▸ **EXERCISE DESCRIPTION**
What you return must be the full data, repeated verbatim, with no pictures in it.

Stored entries
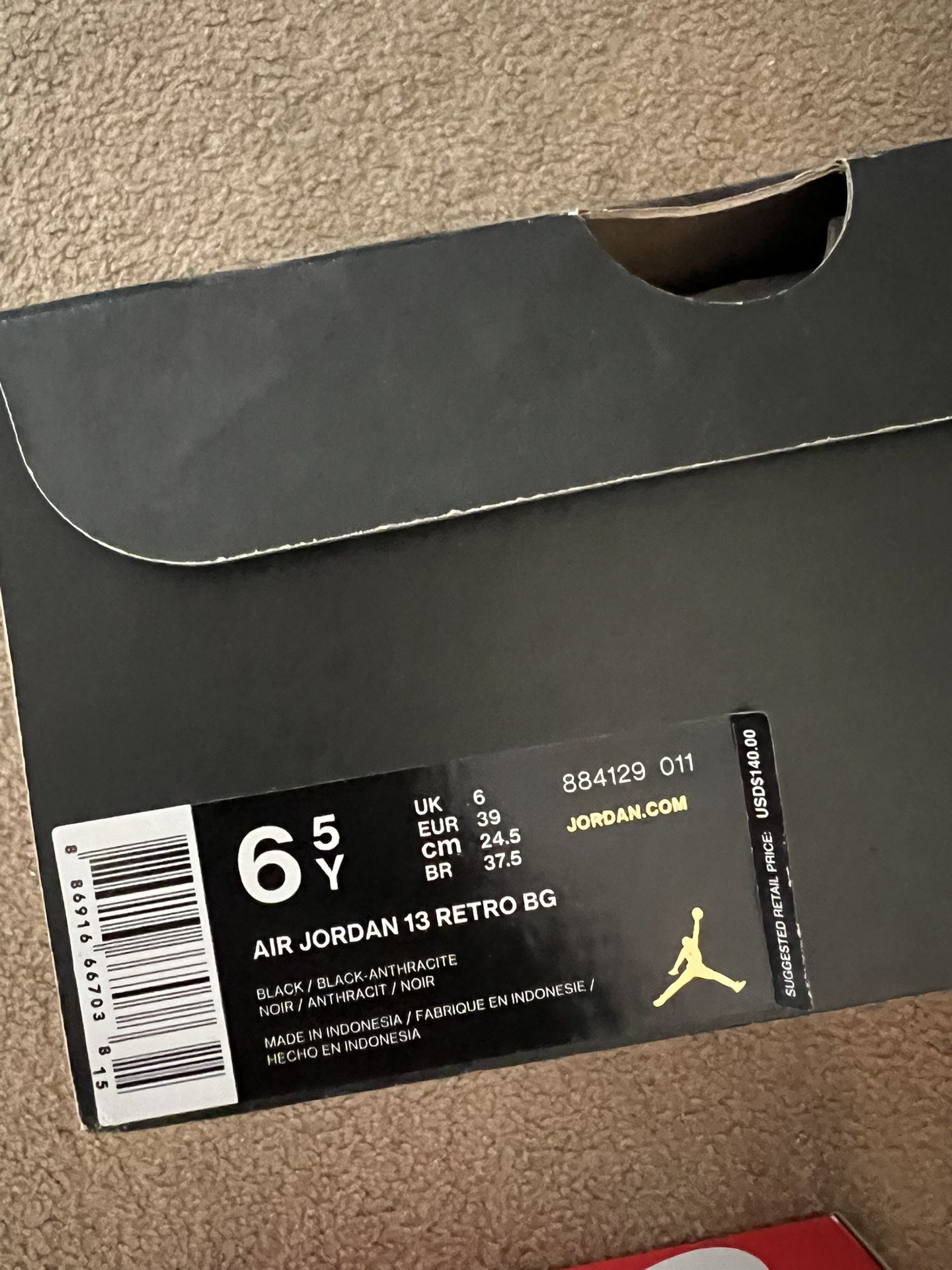 Jordan 13 Black Cat - Size 6.5Y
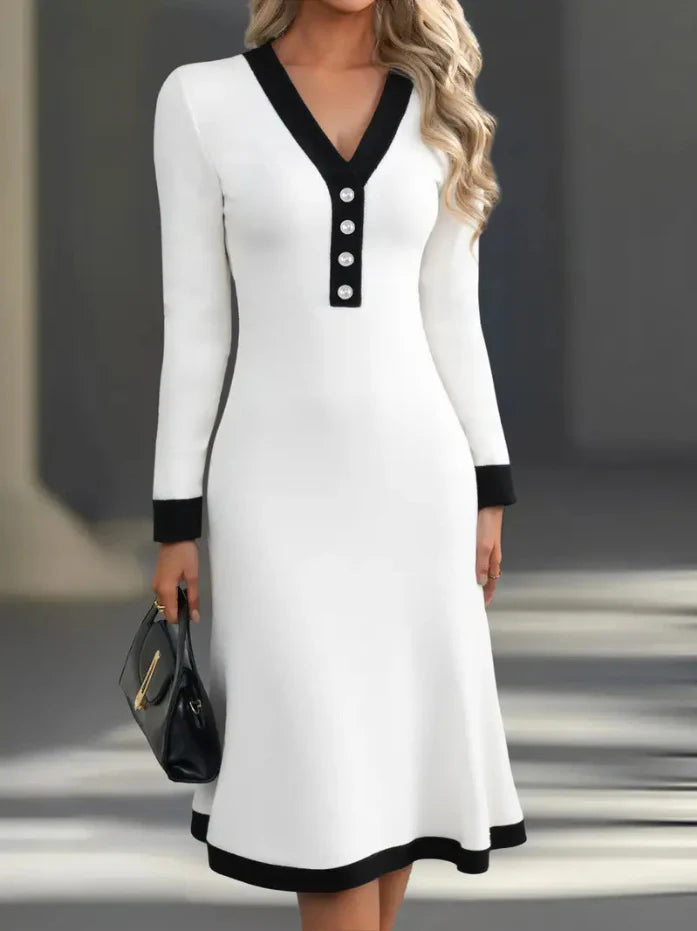 Kaylin | Stylish Long-Sleeve Midi Dress
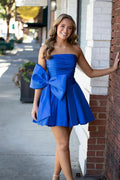 A-Line Strapless Pleated Party Dress with Bow by KissProm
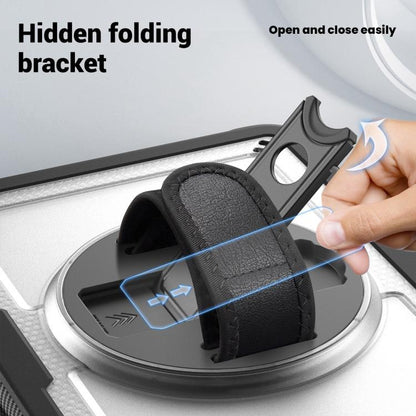 For iPad Air 11 2025 / 2024 Honeycomb Hand Grip Turntable Stand Tablet Case(Transparent) - iPad Air 11 2025 / 2024 Cases by buy2fix | Online Shopping UK | buy2fix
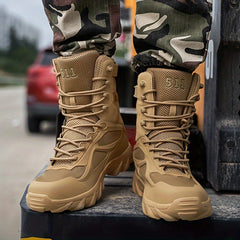 Men's Solid High Top Military Style Hiking Boots
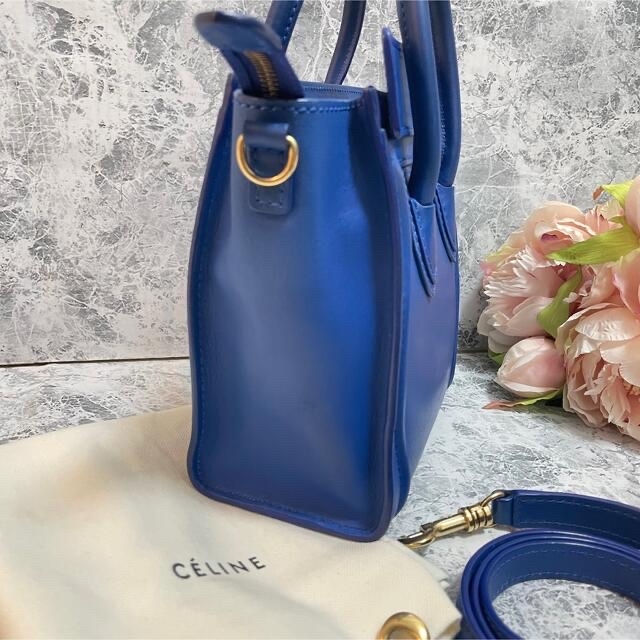 CELINE✩.*˚ ラゲージ ナノ ショッパーショルダーバッグ レザー ブルー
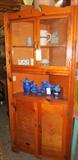 early 1900s knotty pine corner kitchen cabinet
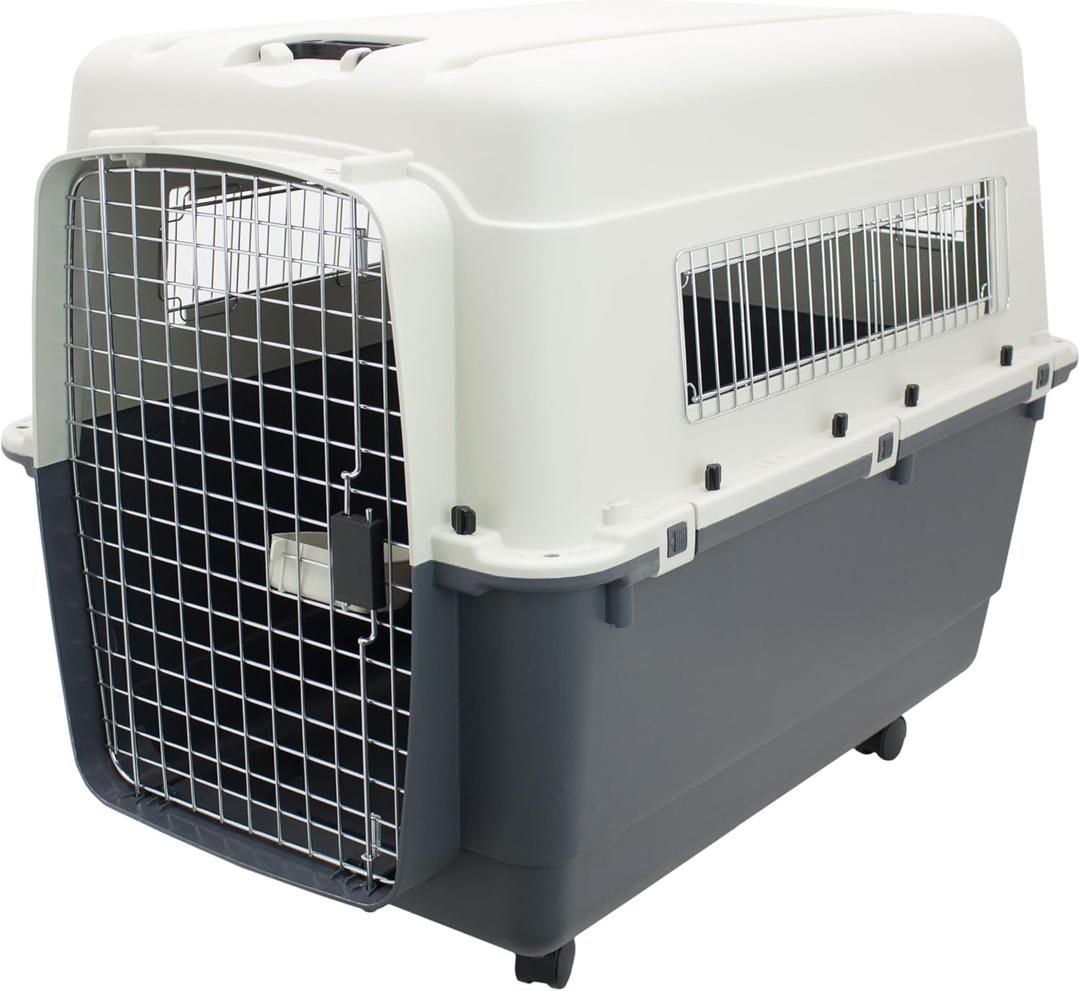 SportPet Designs Plastic Kennels Rolling Plastic Airline Approved Wire Door Travel Dog Crate, XXX-Large, Gray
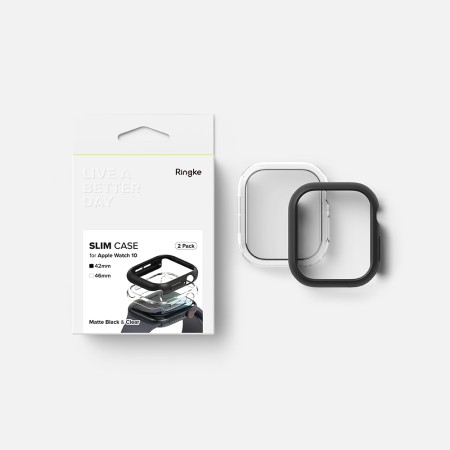 Husa pentru Apple Watch 10 42mm + Folie (set 2) - Ringke Slim - Clear / Matte Black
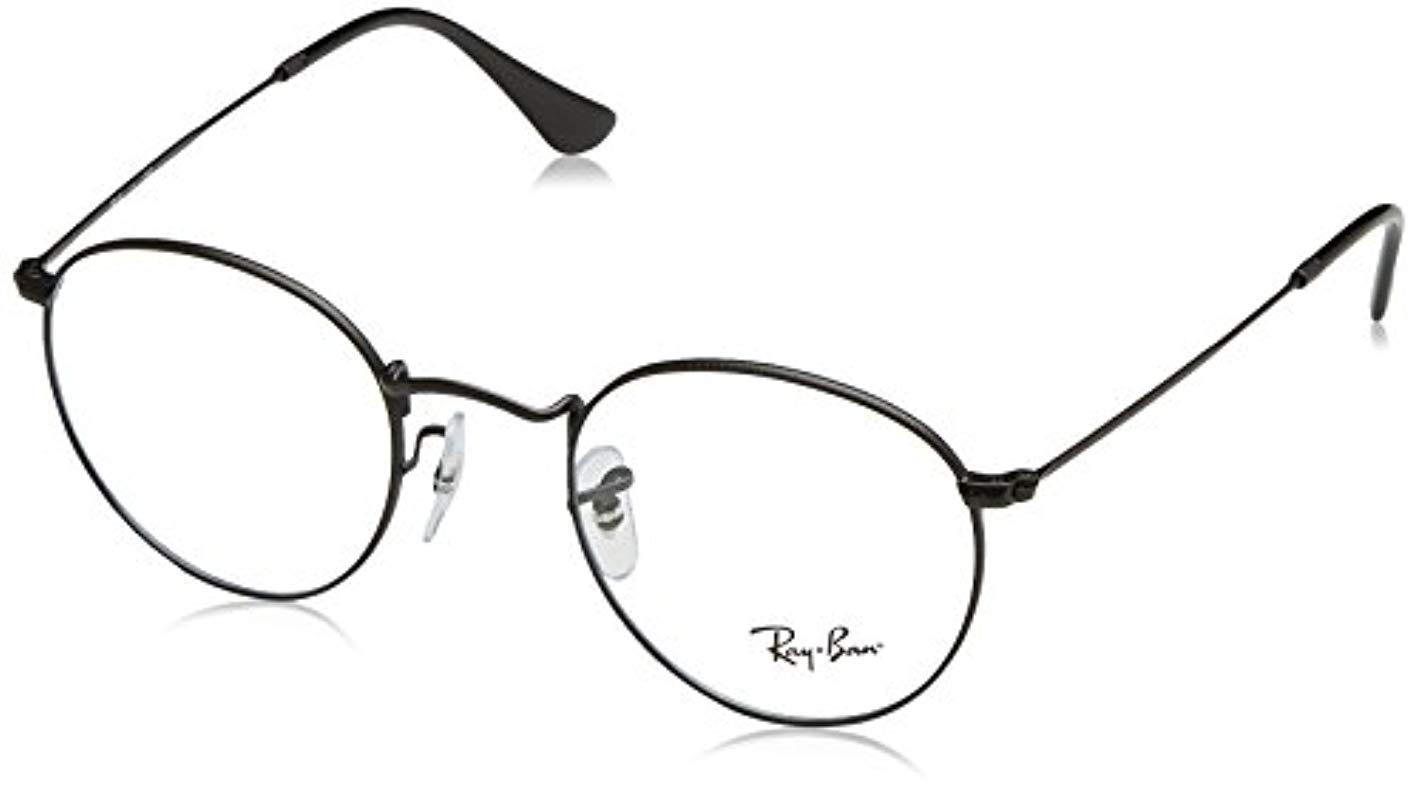 Ray Ban Rx3447v Round Metal Eyeglass Frames In Black For Men Lyst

▸ **ANSWER TO THIS PROBLEM**
 Jordan 13 Black Cat - Size 6.5Y
 Kaylin | Stylish Long-Sleeve Midi Dress
 A-Line Strapless Pleated Party Dress with Bow by KissProm
 For iPad Air 11 2025 / 2024 Honeycomb Hand Grip Turntable Stand Tablet Case(Transparent) - iPad Air 11 2025 / 2024 Cases by buy2fix | Online Shopping UK | buy2fix
 Men's Solid High Top Military Style Hiking Boots
 CELINE✩.*˚ ラゲージ ナノ ショッパーショルダーバッグ レザー ブルー
 early 1900s knotty pine corner kitchen cabinet
 SportPet Designs Plastic Kennels Rolling Plastic Airline Approved Wire Door Travel Dog Crate, XXX-Large, Gray
 Husa pentru Apple Watch 10 42mm + Folie (set 2) - Ringke Slim - Clear / Matte Black
 Ray Ban Rx3447v Round Metal Eyeglass Frames In Black For Men Lyst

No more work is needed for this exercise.